Daily podcast – March 17, 2014

Photo by: Reuters

March 17, 2014
From Creamer Media in Johannesburg, I’m Motshabi Hoaeane.
Making headlines:
 

Some 500 000 Numsa members are expected to go on strike on Wednesday.

France urges Algeria to respect basic freedoms ahead of elections.

And, opposition party the Democratic Alliance says Public Service Minister Lindiwe Sisulu abused public money.
 

South Africa's biggest union has called a one-day strike for Wednesday to highlight youth unemployment in the country, where one in four people are jobless.

The 340 000-member National Union of Metalworkers of South Africa (or Numsa) drew its members from car manufacturing, the metal industry, transport and general workers.

The strike would be the latest in a string of work stoppages in Africa's largest economy, weeks before a May 7 general election.

Numsa deputy-general secretary Karl Cloete said it was a strike that members in all other unions could join.  He estimated that at least half a million workers would take part.



France urged Algeria on Friday to respect the right to peaceful demonstrations and free expression after Algerian police stopped an opposition march this week ahead of presidential elections.

Algerian police prevented opposition leaders from marching on Wednesday to demand a boycott of April's election, in which President Abdelaziz Bouteflika is seeking a fourth term despite questions about his capacity after suffering a stroke last year.

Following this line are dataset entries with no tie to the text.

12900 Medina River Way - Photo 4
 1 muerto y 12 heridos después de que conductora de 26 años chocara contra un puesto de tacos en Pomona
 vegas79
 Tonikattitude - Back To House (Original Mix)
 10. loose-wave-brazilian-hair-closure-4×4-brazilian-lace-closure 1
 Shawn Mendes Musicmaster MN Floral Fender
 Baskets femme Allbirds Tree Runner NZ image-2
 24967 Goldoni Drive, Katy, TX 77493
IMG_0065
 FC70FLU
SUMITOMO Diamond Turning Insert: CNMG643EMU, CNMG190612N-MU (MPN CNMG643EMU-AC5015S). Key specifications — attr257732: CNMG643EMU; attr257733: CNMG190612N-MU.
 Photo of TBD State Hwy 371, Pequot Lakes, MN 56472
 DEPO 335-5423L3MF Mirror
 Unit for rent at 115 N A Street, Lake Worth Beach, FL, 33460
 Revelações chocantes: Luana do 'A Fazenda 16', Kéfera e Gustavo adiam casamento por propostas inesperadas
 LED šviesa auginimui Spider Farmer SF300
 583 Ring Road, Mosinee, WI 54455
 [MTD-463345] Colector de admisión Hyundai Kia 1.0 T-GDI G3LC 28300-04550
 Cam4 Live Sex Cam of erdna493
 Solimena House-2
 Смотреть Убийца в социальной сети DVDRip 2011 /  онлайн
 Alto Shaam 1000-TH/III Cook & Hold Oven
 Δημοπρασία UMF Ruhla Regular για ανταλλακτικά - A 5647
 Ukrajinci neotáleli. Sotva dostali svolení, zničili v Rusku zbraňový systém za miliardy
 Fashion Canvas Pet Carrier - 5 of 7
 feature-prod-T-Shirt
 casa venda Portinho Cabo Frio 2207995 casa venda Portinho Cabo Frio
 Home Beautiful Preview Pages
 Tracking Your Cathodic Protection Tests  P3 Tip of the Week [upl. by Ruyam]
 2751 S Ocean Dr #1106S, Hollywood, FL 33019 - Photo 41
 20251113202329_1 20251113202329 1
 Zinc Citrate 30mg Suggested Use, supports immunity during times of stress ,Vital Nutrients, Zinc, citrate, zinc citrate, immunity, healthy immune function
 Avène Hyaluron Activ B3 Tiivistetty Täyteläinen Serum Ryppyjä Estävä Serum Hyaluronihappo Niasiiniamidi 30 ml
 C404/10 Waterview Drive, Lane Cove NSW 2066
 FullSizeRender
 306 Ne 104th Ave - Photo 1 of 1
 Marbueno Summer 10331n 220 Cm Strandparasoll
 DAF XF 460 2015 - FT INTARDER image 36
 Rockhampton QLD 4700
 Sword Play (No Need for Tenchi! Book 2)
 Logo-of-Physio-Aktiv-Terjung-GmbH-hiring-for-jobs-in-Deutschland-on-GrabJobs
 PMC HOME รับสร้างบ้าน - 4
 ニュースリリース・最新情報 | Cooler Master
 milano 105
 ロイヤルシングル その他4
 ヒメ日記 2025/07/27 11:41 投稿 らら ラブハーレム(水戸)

Last week, the police also prevented a movement called Barakat, a small group of protesters including journalists, from marching in the capital Algiers to call for a boycott.

French Foreign Ministry spokesperson Romain Nadal called for freedom of the press and expression to be respected in Algeria. He said "the right to demonstrate peacefully was part of the fundamental freedoms and that France hoped that basic freedoms were respected in Algeria like anywhere else in the world.


Reports that Public Service Minister Lindiwe Sisulu spent R11-million for chartered flights on a Gulfstream jet while she was defence minister showed a staggering abuse of public money, the Democratic Alliance said on Sunday.

DA defence spokesperson David Maynier said this was a staggering abuse of public money and almost certainly contravenes the guidelines set out in the [Ministerial Handbook].

Maynier remarked that since Sisulu thought the millions of rands spent on travelling on Gulfstream jets was "something silly", it suggested that she was out of touch with the reality in South Africa.

Maynier said he would write to Auditor-General Kimi Makwetu requesting him to conduct an audit to find out how many flights Sisulu took on Gulfstream jets between 2009 and 2012.


Also making headlines:

The World Bank and the European Union will resume financial support to Madagascar.

And, a UN official says Nigerian security forces have committed human rights abuses as they fought a near five-year Islamist insurgency by the Boko Haram sect.

That’s a roundup of news making headlines today.